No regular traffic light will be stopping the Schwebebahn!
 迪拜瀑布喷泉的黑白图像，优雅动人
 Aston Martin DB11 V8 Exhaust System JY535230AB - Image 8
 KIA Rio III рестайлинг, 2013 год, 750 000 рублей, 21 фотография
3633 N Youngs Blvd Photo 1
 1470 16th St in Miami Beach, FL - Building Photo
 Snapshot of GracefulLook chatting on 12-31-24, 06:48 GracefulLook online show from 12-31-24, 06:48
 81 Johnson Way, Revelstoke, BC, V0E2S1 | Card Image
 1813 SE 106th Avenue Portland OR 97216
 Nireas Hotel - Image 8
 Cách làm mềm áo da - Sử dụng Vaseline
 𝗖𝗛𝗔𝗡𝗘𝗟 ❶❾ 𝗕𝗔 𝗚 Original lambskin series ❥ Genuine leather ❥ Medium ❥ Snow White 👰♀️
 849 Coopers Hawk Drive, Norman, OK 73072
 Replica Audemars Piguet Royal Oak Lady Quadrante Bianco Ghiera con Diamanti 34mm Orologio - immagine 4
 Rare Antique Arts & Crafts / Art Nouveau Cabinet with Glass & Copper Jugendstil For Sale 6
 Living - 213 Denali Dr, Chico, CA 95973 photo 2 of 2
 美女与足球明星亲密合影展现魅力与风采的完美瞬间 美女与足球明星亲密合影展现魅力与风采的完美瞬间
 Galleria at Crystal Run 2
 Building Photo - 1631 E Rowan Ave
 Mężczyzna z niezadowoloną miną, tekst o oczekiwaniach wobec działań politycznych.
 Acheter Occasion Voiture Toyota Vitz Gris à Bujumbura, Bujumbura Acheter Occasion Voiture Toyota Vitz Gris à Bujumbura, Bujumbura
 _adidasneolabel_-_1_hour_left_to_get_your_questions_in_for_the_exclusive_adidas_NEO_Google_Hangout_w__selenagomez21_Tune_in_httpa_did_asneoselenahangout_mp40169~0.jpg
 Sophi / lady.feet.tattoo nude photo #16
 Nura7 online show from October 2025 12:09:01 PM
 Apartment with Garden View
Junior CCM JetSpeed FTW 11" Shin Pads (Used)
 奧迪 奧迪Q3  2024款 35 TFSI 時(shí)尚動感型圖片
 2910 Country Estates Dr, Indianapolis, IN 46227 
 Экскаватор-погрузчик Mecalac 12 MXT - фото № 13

----------

Transcribe the whole listing with every word preserved.

No regular traffic light will be stopping the Schwebebahn!
 迪拜瀑布喷泉的黑白图像，优雅动人
 Aston Martin DB11 V8 Exhaust System JY535230AB - Image 8
 KIA Rio III рестайлинг, 2013 год, 750 000 рублей, 21 фотография
3633 N Youngs Blvd Photo 1
 1470 16th St in Miami Beach, FL - Building Photo
 Snapshot of GracefulLook chatting on 12-31-24, 06:48 GracefulLook online show from 12-31-24, 06:48
 81 Johnson Way, Revelstoke, BC, V0E2S1 | Card Image
 1813 SE 106th Avenue Portland OR 97216
 Nireas Hotel - Image 8
 Cách làm mềm áo da - Sử dụng Vaseline
 𝗖𝗛𝗔𝗡𝗘𝗟 ❶❾ 𝗕𝗔 𝗚 Original lambskin series ❥ Genuine leather ❥ Medium ❥ Snow White 👰♀️
 849 Coopers Hawk Drive, Norman, OK 73072
 Replica Audemars Piguet Royal Oak Lady Quadrante Bianco Ghiera con Diamanti 34mm Orologio - immagine 4
 Rare Antique Arts & Crafts / Art Nouveau Cabinet with Glass & Copper Jugendstil For Sale 6
 Living - 213 Denali Dr, Chico, CA 95973 photo 2 of 2
 美女与足球明星亲密合影展现魅力与风采的完美瞬间 美女与足球明星亲密合影展现魅力与风采的完美瞬间
 Galleria at Crystal Run 2
 Building Photo - 1631 E Rowan Ave
 Mężczyzna z niezadowoloną miną, tekst o oczekiwaniach wobec działań politycznych.
 Acheter Occasion Voiture Toyota Vitz Gris à Bujumbura, Bujumbura Acheter Occasion Voiture Toyota Vitz Gris à Bujumbura, Bujumbura
 _adidasneolabel_-_1_hour_left_to_get_your_questions_in_for_the_exclusive_adidas_NEO_Google_Hangout_w__selenagomez21_Tune_in_httpa_did_asneoselenahangout_mp40169~0.jpg
 Sophi / lady.feet.tattoo nude photo #16
 Nura7 online show from October 2025 12:09:01 PM
 Apartment with Garden View
Junior CCM JetSpeed FTW 11" Shin Pads (Used)
 奧迪 奧迪Q3  2024款 35 TFSI 時(shí)尚動感型圖片
 2910 Country Estates Dr, Indianapolis, IN 46227 
 Экскаватор-погрузчик Mecalac 12 MXT - фото № 13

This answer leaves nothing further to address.